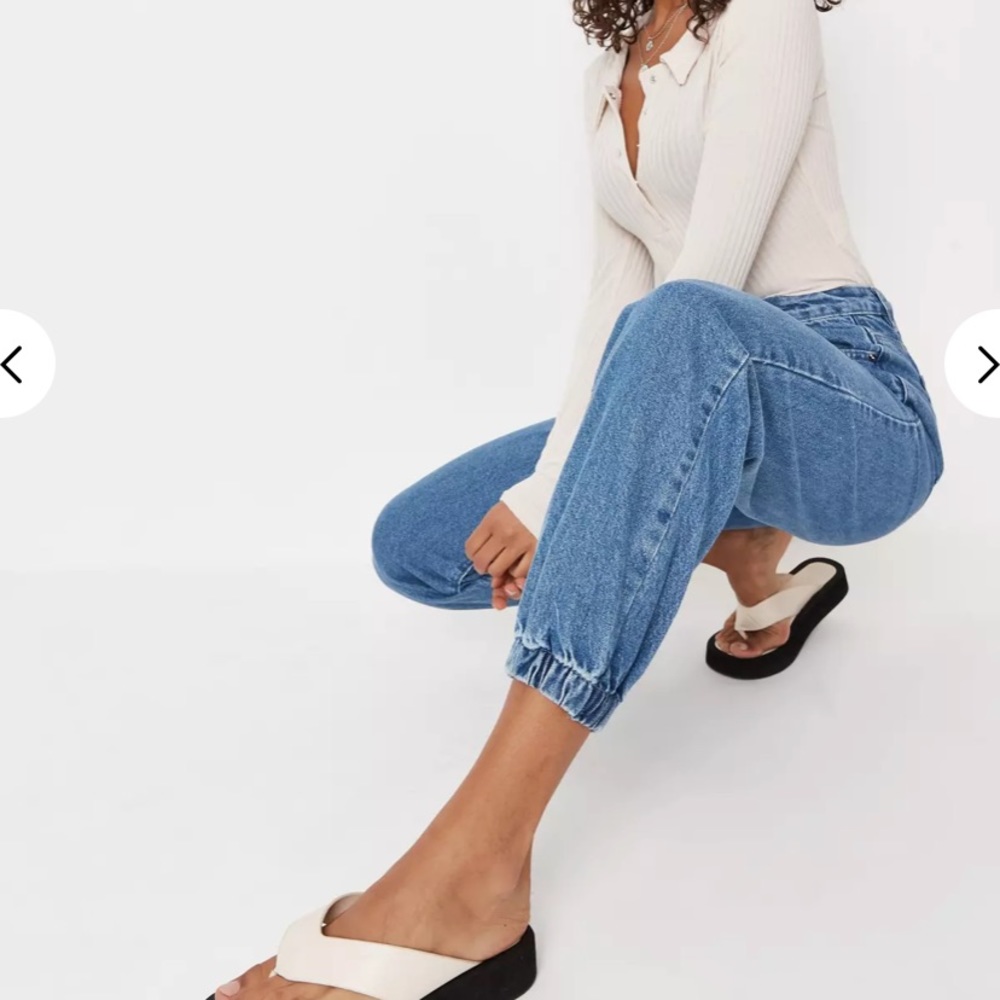 Misguided blue riot high waisted jogger mom jeans
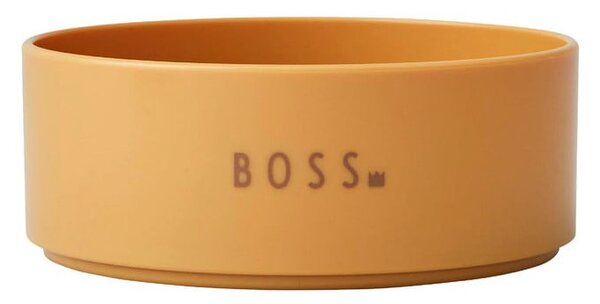 Musztardowa miska dla dzieci Design Letters Mini Boss, ø 11 cm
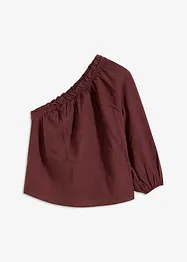One-schouder blouse met linnen, bonprix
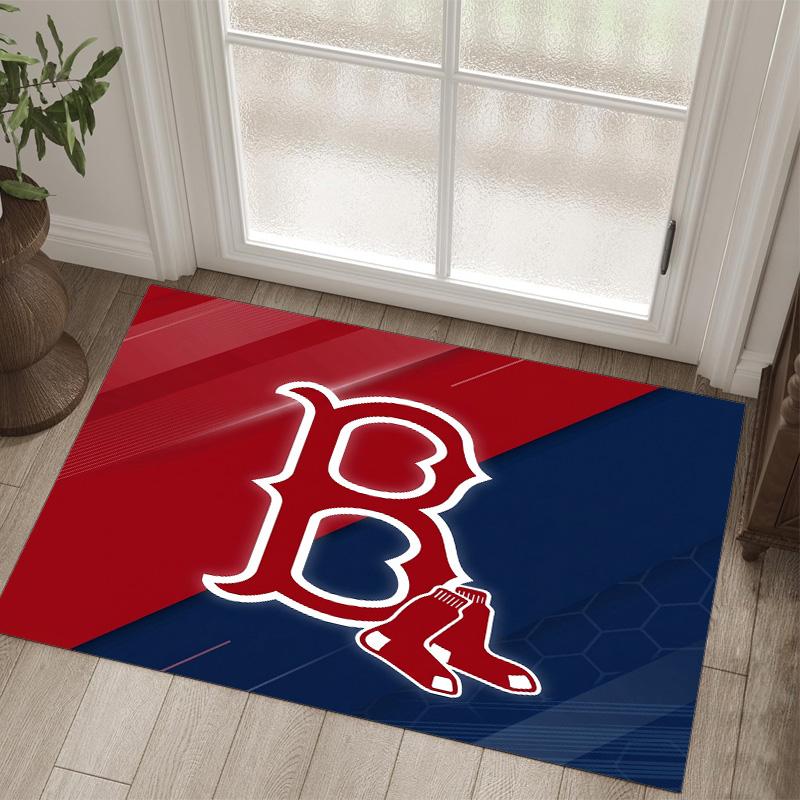 Boston Red Sox Design Kristall Samt Teppich Gemütlich Kein?Rutschfester Teppich mit Aufdruck für Schlafzimmer Wohnzimmer Eingang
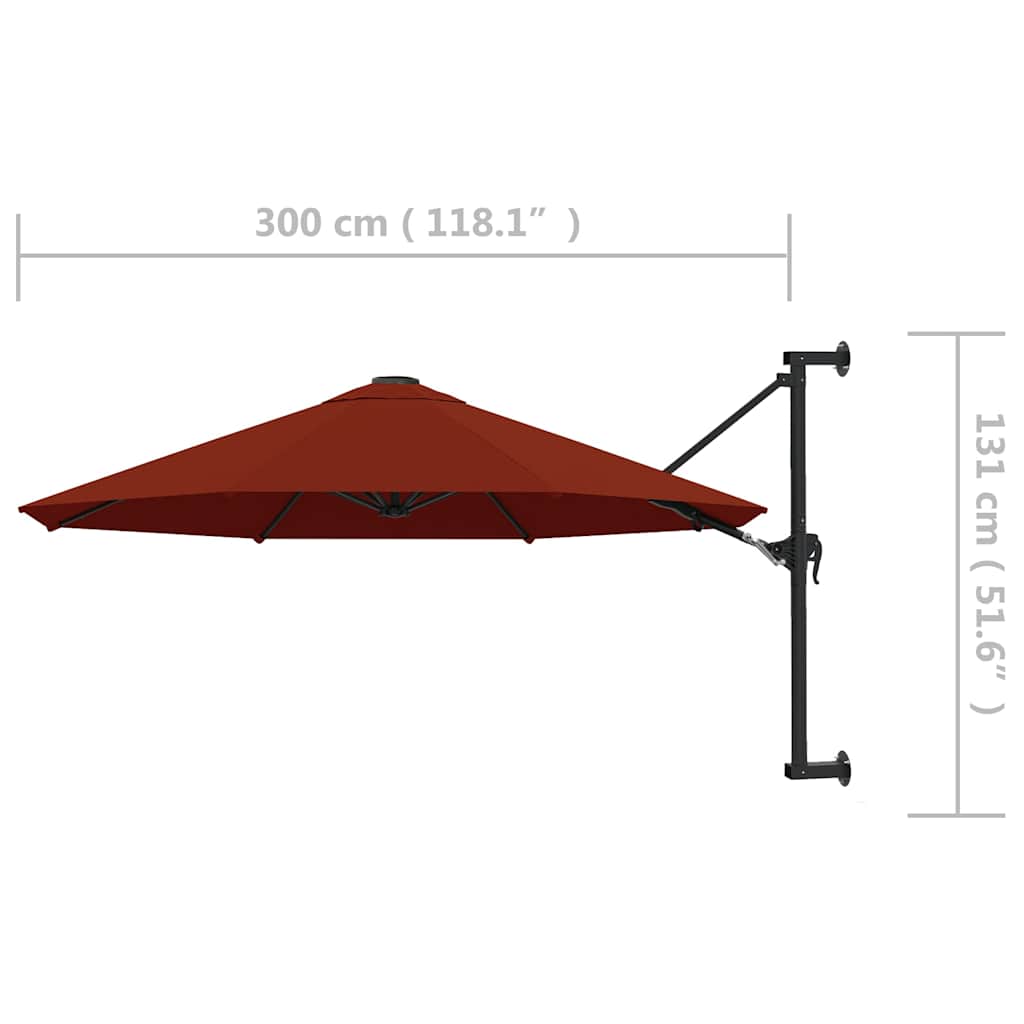 Sodo skėtis BENTLEY, terakotinė, 300x131cm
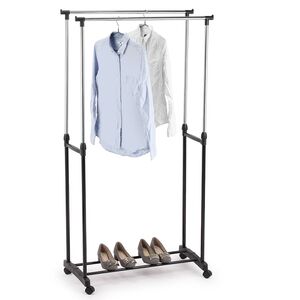 VESTA Κρεμάστρα Ρούχων Διπλή Δαπέδου 80x43x90-160cm με Ροδάκια και Ρυθμιζόμενο ύψος Διάμετρος Βεργών Ø19/Ø22/Ø16mm 1.64kg ΙΝΟΧ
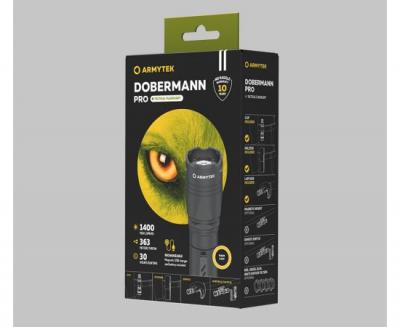 Фонарь ручной тактический ARMYTEK DOBERMANN PRO MAGNET USB, теплый, 1*18650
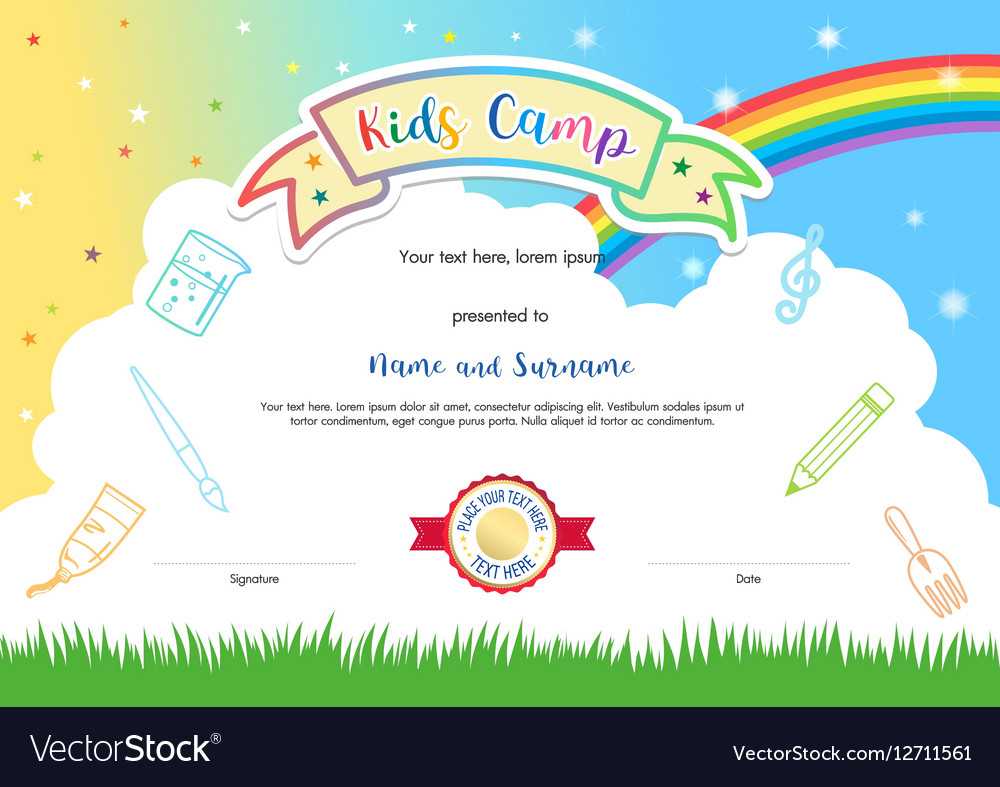 Colorful Kids Summer Camp Diploma Certificate For Summer Camp Certificate Template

==*==

Aim of the task:
Leaving every picture out, write out exactly the lines from the one that holds "Boston Red Sox" through the end of the listing, both included.

Expected answer:
 Boston Red Sox Design Kristall Samt Teppich Gemütlich Kein?Rutschfester Teppich mit Aufdruck für Schlafzimmer Wohnzimmer Eingang
 Sodo skėtis BENTLEY, terakotinė, 300x131cm
 VESTA Κρεμάστρα Ρούχων Διπλή Δαπέδου 80x43x90-160cm με Ροδάκια και Ρυθμιζόμενο ύψος Διάμετρος Βεργών Ø19/Ø22/Ø16mm 1.64kg ΙΝΟΧ
 Фонарь ручной тактический ARMYTEK DOBERMANN PRO MAGNET USB, теплый, 1*18650
 Colorful Kids Summer Camp Diploma Certificate For Summer Camp Certificate Template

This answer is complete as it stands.